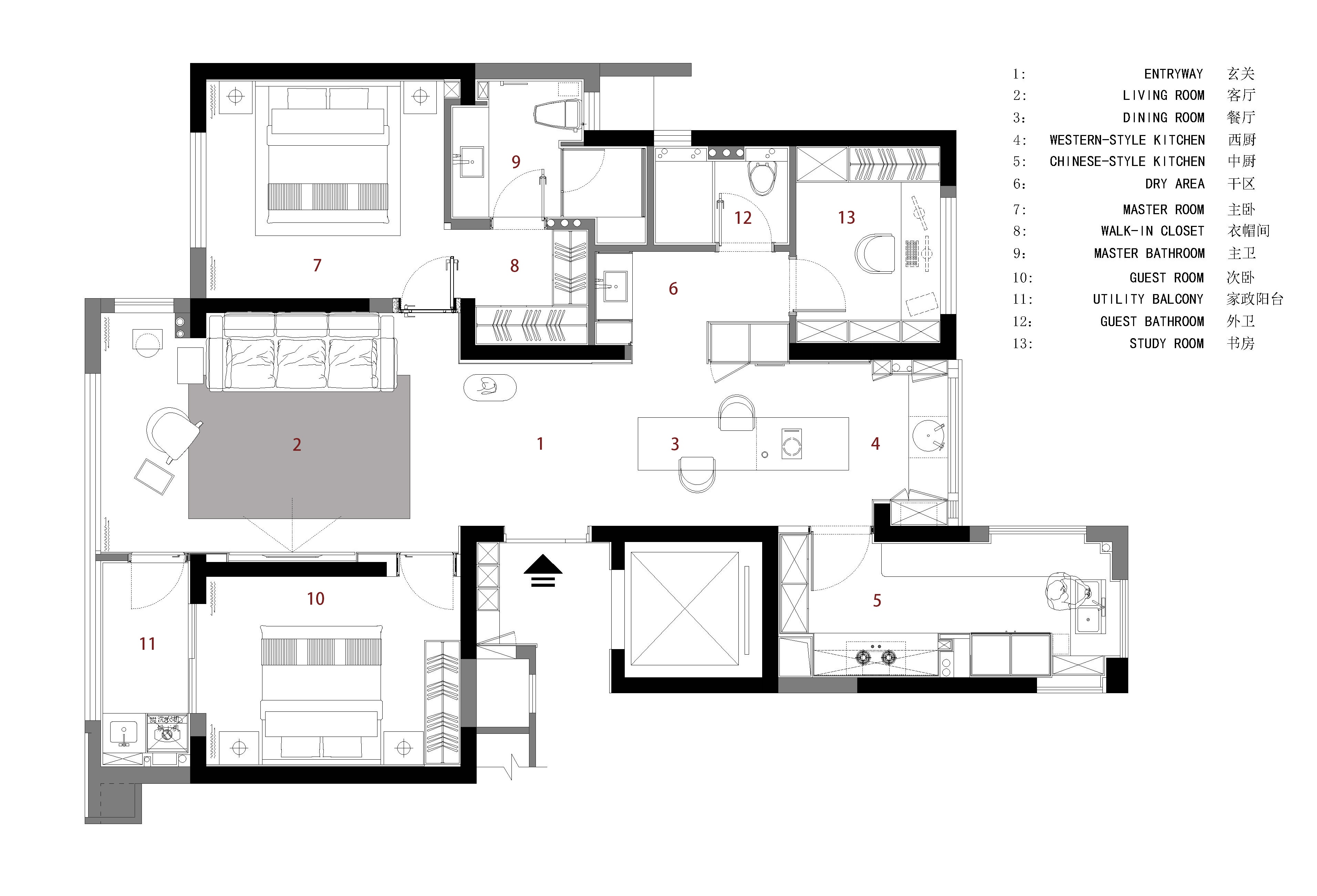 安之澜境丨中国温州丨青创空间设计-3
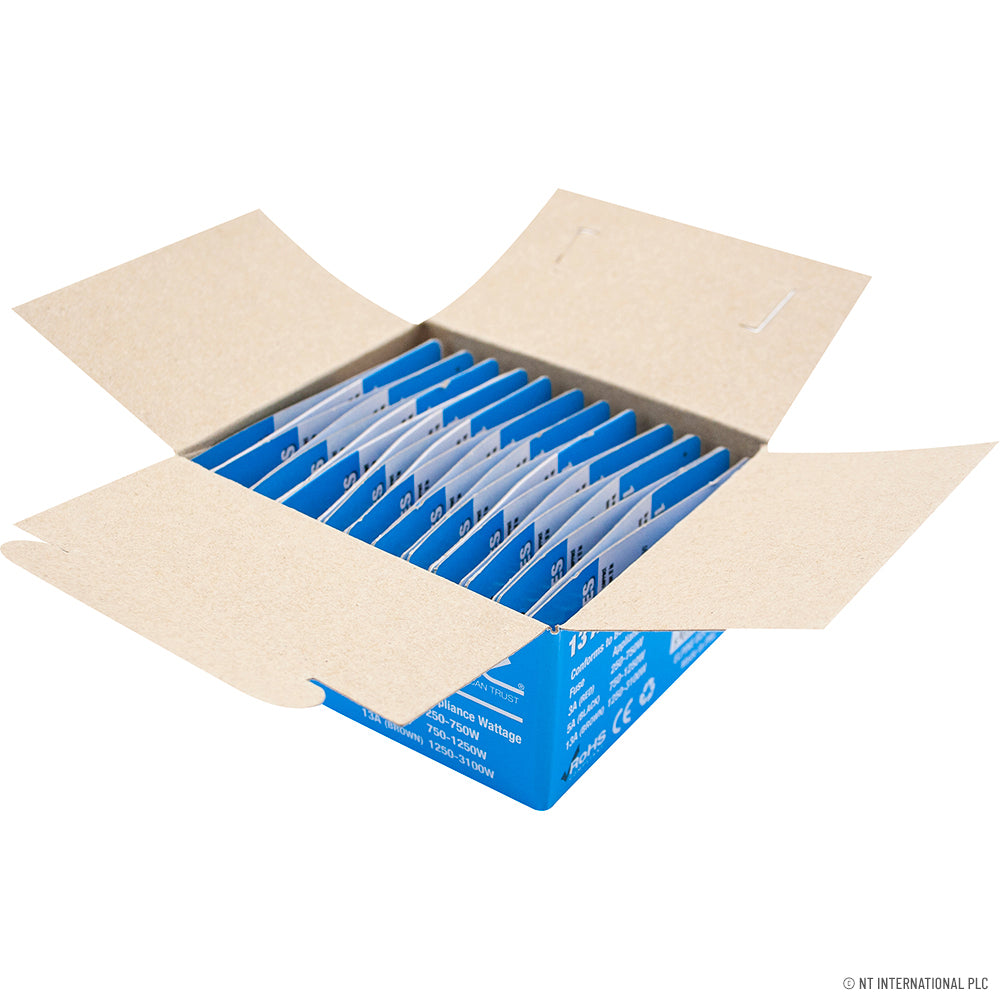 13 Amp Fuses ( 4pk ) - Display Box ( 25 )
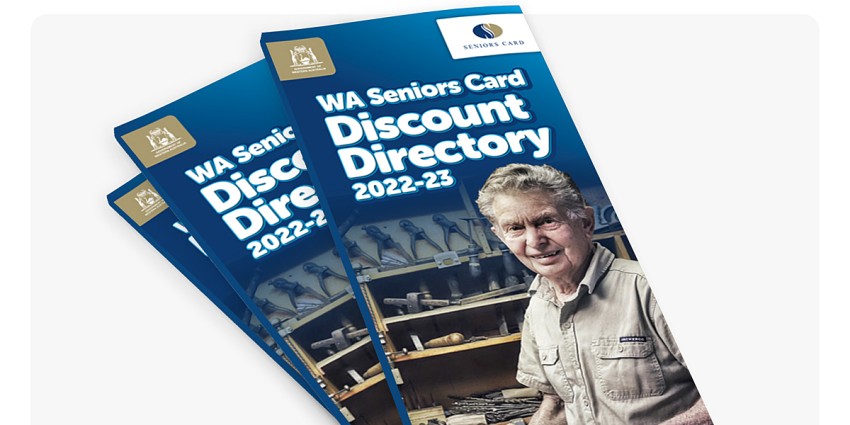 Image of 2022 to 2023 WA Seniors Card Discount Directory Guide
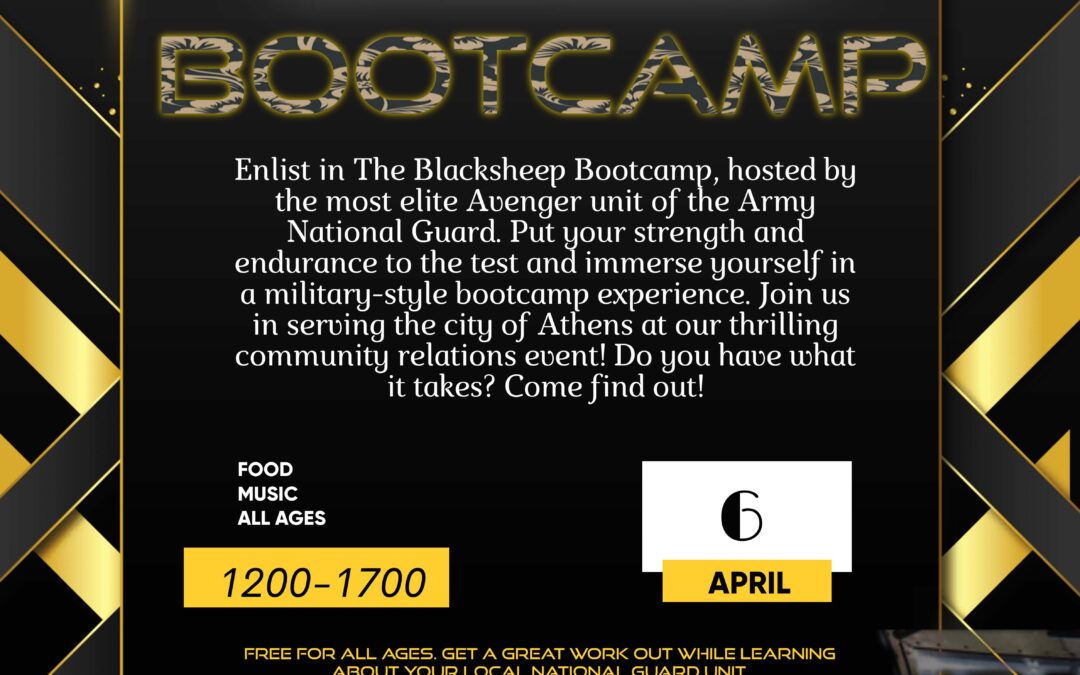 Blacksheep Bootcamp Hosted by The Army National Guard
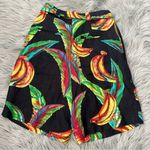 Farm Rio  Preta Banana Linen Shorts XS Photo 3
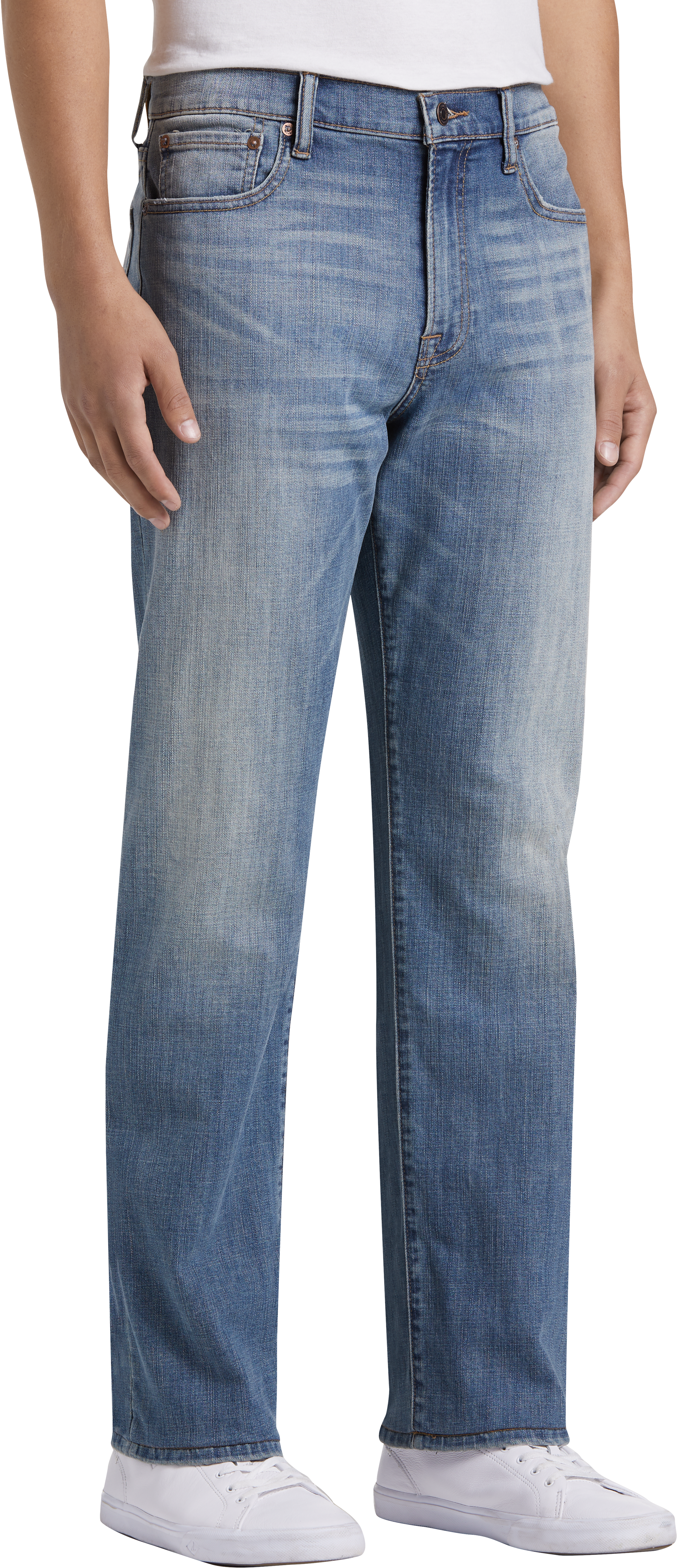 329 Anton Classic Fit Tapered Leg Jeans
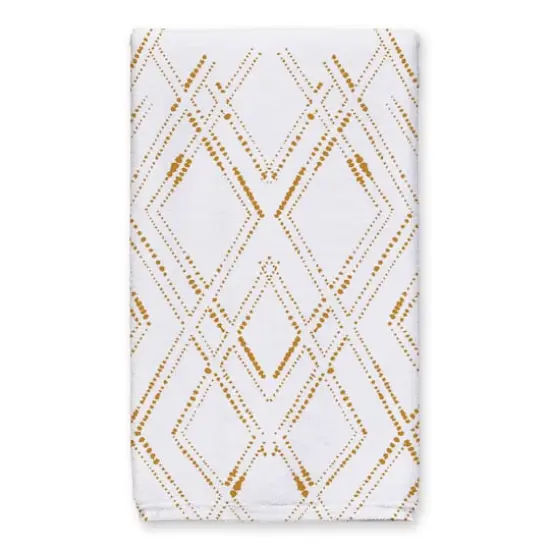 Focus on the Good Tea Towel Set White/Gold {4}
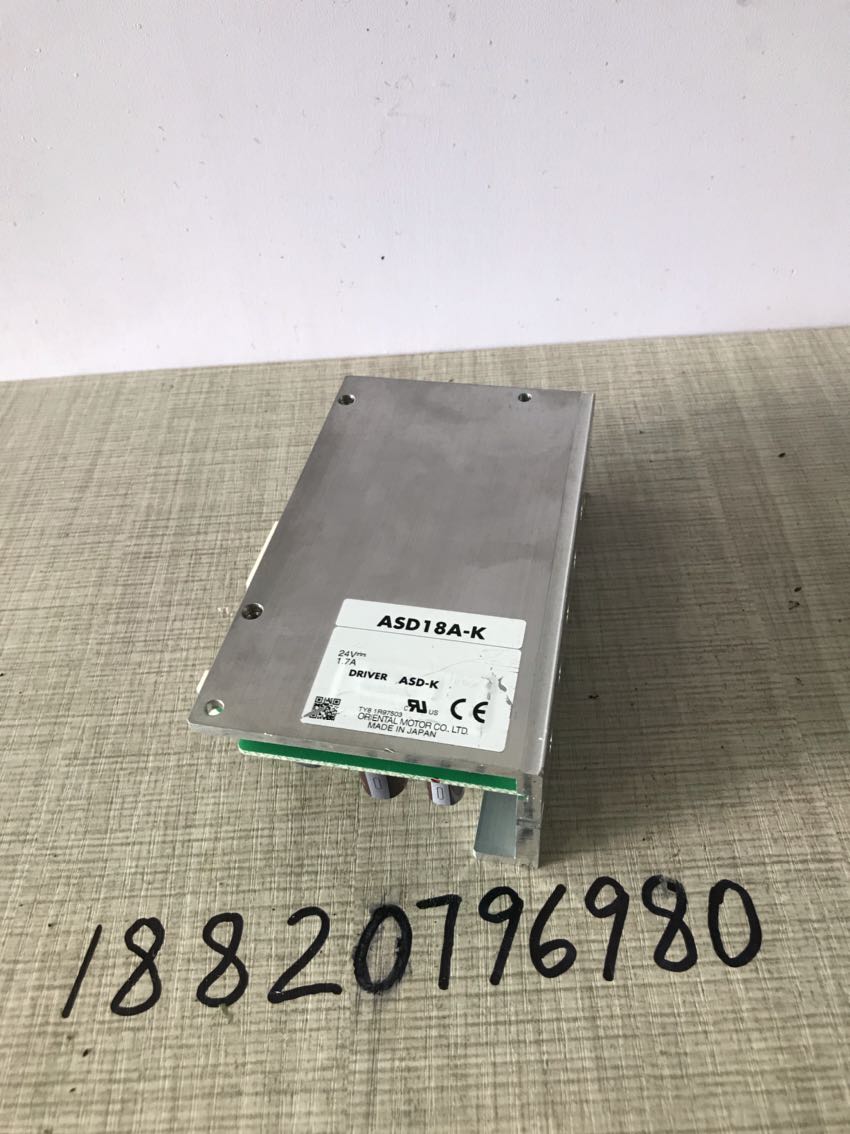 VEXTA日本东方ASD18A-K闭环步进电机 拆机 现货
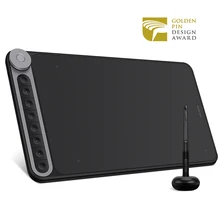 Huion – tablette graphique sans fil Inspiroy Dial Q620M, avec stylet numérique, 8 touches programmables, 8192 niveaux de pression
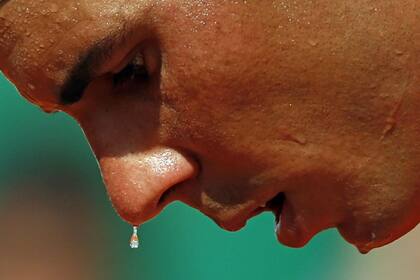 ¿Puede ser que se vea a un juez de silla en la gota de sudor?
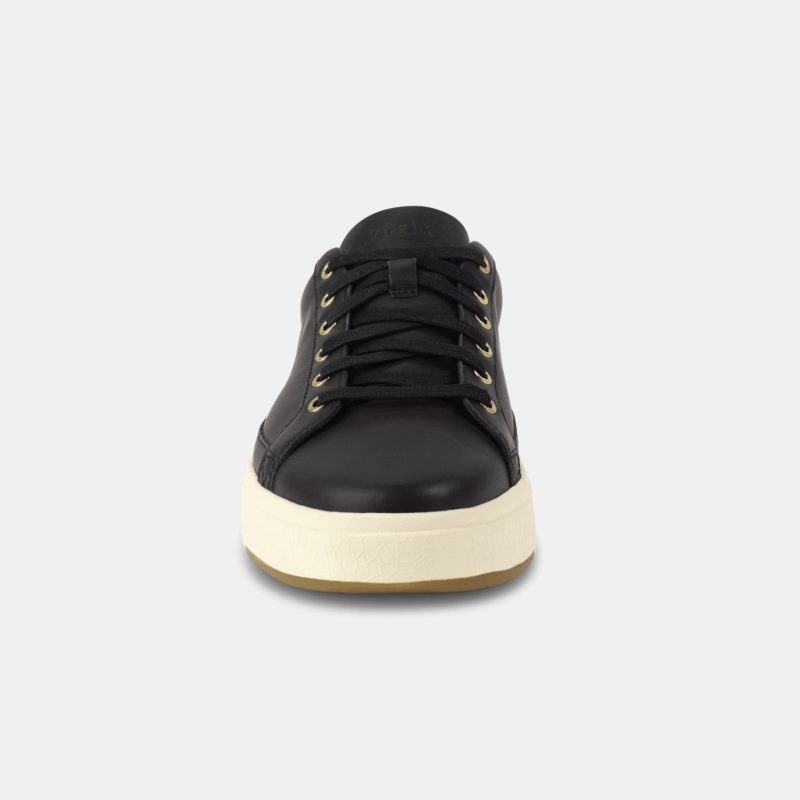 Chaussures Casual Kizik Vegas Femme Noir Doré | KAFN6849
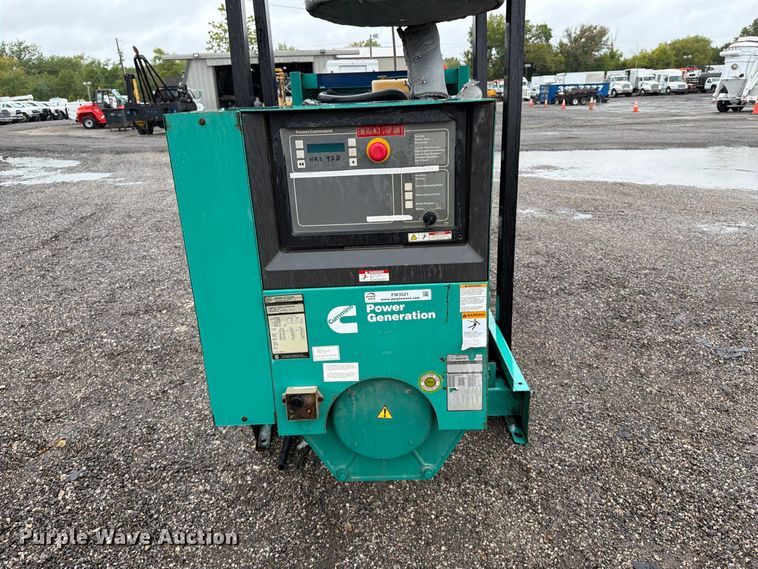 image for item FW3521 Cummins Power Generation DSHAB-5770193 generator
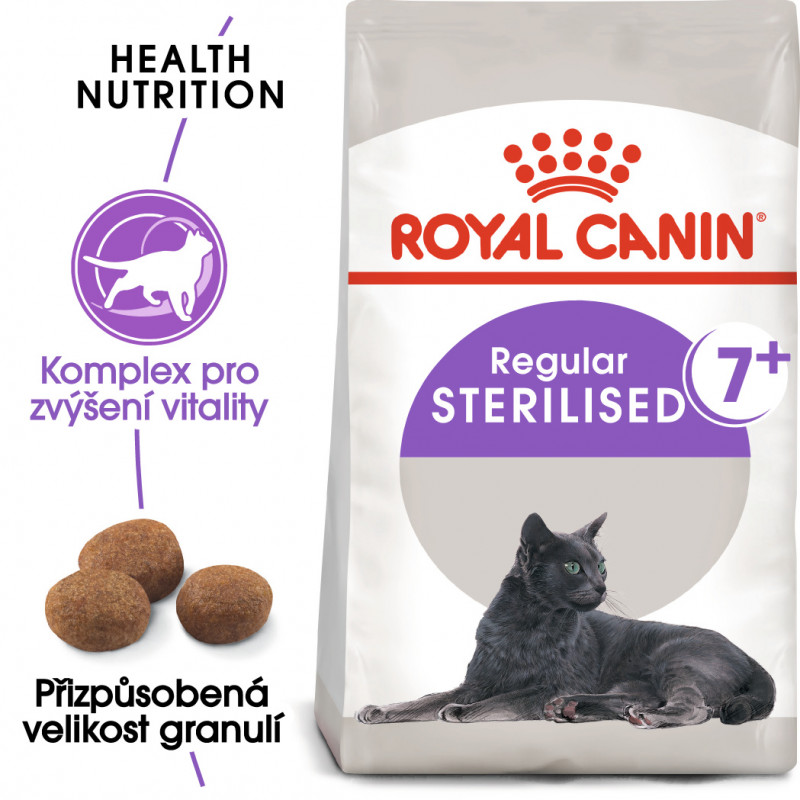 Royal Canin Cat Sterilised 7+ 10kg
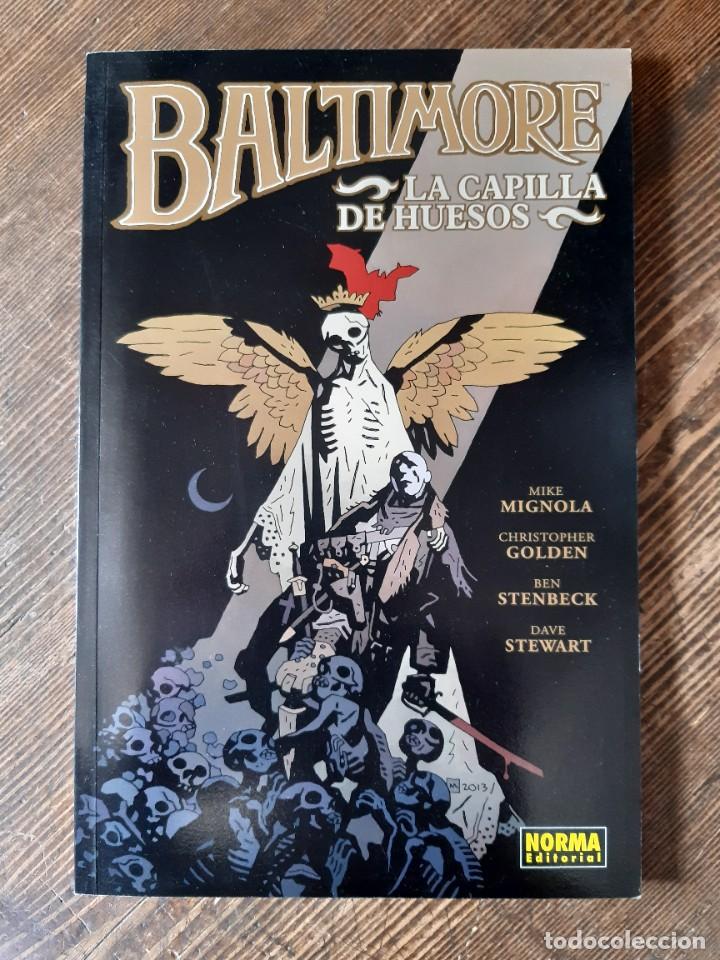 C&oacute;mics: BALTIMORE 4 LA CAPILLA DE HUESOS (MIGNOLA) - Foto 1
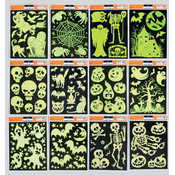 Halloween Window Clings
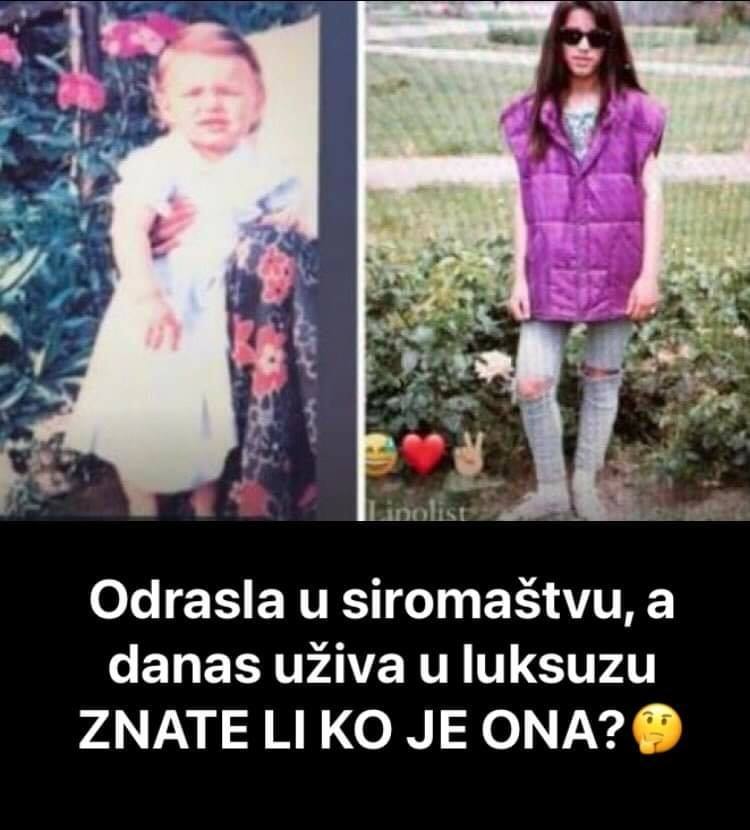 ODRASLA JE U SIROMAŠTVU, A DANAS SE KUPA U LUKSUZU: Znate li ko je srpska pjevačica sa slike?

**YOUR TASK**
Reproduce the material exactly; keep pictures out.

**RESPONSE TO THIS EXERCISE**
 安之澜境丨中国温州丨青创空间设计-3
 13 Amp Fuses ( 4pk ) - Display Box ( 25 )
 Image of 2022 to 2023 WA Seniors Card Discount Directory Guide
 Blacksheep Bootcamp Hosted by The Army National Guard
 Farm Rio  Preta Banana Linen Shorts XS Photo 3
 329 Anton Classic Fit Tapered Leg Jeans
 Focus on the Good Tea Towel Set White/Gold {4}
 VEXTA日本东方ASD18A-K闭环步进电机 拆机 现货
 Huion – tablette graphique sans fil Inspiroy Dial Q620M, avec stylet numérique, 8 touches programmables, 8192 niveaux de pression
 ¿Puede ser que se vea a un juez de silla en la gota de sudor?
 Chaussures Casual Kizik Vegas Femme Noir Doré | KAFN6849
 image for item FW3521 Cummins Power Generation DSHAB-5770193 generator
 Royal Canin Cat Sterilised 7+ 10kg
 C&oacute;mics: BALTIMORE 4 LA CAPILLA DE HUESOS (MIGNOLA) - Foto 1
 Halloween Window Clings
 ODRASLA JE U SIROMAŠTVU, A DANAS SE KUPA U LUKSUZU: Znate li ko je srpska pjevačica sa slike?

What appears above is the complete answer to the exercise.